All actions performed by super admin users are fully audited, including:

  • Differentiation between actions performed through the user interface (UI) versus those executed through the software development kit (SDK).

How to Access Audit Logs

You can access audit logs via the /audit-logs endpoint using the Snorkel Flow SDK. This can be executed inside a notebook server if you have SuperAdmin privileges. Here’s a sample code snippet:

# Inside Snorkel Flow notebook server
import snorkelflow.client_v3 as sf

# Configure client context for Snorkel Flow instance
ctx = sf.SnorkelFlowContext.from_kwargs()
resp = ctx.tdm_client.get('/audit-logs?limit=100')

print(resp)

This will return a JSON formatted list of values. An example of this is show below.

[
{
"event_id": 1,
"event_time": "2021-08-17T20:51:47.268843",
"event_name": "api_key",
"event_type": "create",
"event_details": {
"censored_key": "************************************************************E4YO"
},
"user_uid": 2
}
]

The meaning of these fields is as follows:

  • event_id: A unique ID of each event that has occurred on the platform.
  • event_time: The time the event took place.
  • event_name: The name of the type of event. Usually this points to the resource it's related to (e.g. lf, application, workspace, user)
  • event_type: The type of event that has occurred. (e.g. create/read/update/delete).
  • event_details: A JSON object that is unique for each event type. Information in this field is only relevant for the specific event_name, and event_type. (e.g. for a login event, you will have {'user_uid': 22, 'username': 'john_wick'})
  • user_uid: The uid of the user who took the action.

Endpoint: Get Audit Logs

This endpoint allows you to fetch a list of audit logs from the system, which can be used for tracking and monitoring events related to the application's activities.

URL

GET YOUR_SNORKEL_INSTANCE_URL/audit-logs

Headers

  • Authorization: This header must contain the API key for authorization.

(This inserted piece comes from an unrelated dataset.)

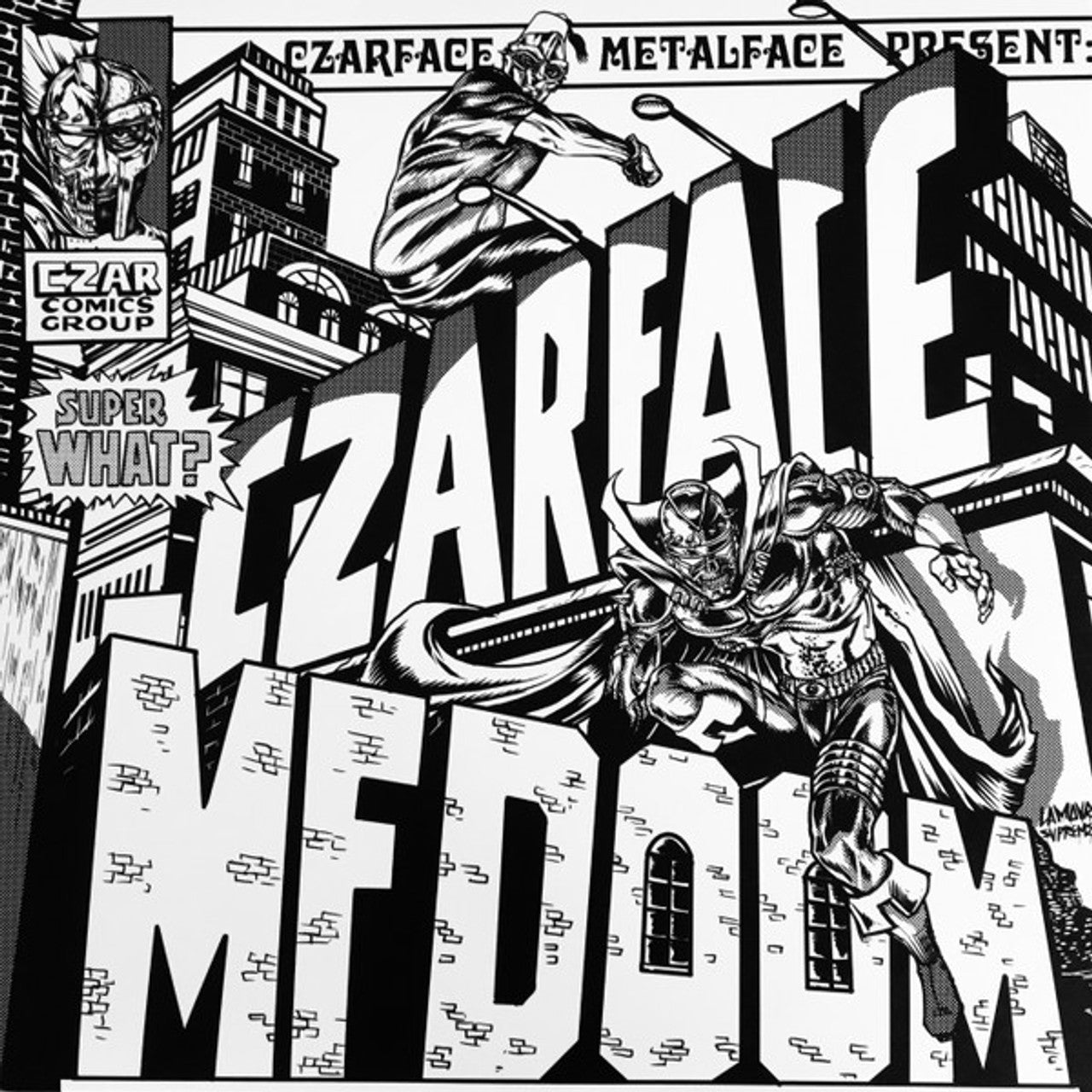 Czarface & Mf Doom - Super What? (Limited Edition, White Vinyl) (LP) - Joco Records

For example, "Authorization: key API_KEY".
  • Content-Type: This should be set to application/json.

Query Parameters

  • limit (optional, integer): The maximum number of audit log events to retrieve.

    • Default: 200
    • Maximum: 1000
    • Minimum: 1
  • last_id (optional, integer): The ID of the last audit log event from a previous request. Used for pagination to fetch the next set of audit logs.

Request Example

curl -L -H "Authorization: key API_KEY" -H "Content-Type: application/json" "https://edge-tdm-api.k8s.g498.io/audit-logs?limit=100&last_id=50"

Response

The response is a JSON object containing:

  • events (array of AuditEvent objects): A list of audit events.
  • last_id (integer): The ID of the last audit log event retrieved, which can be used for pagination in subsequent requests.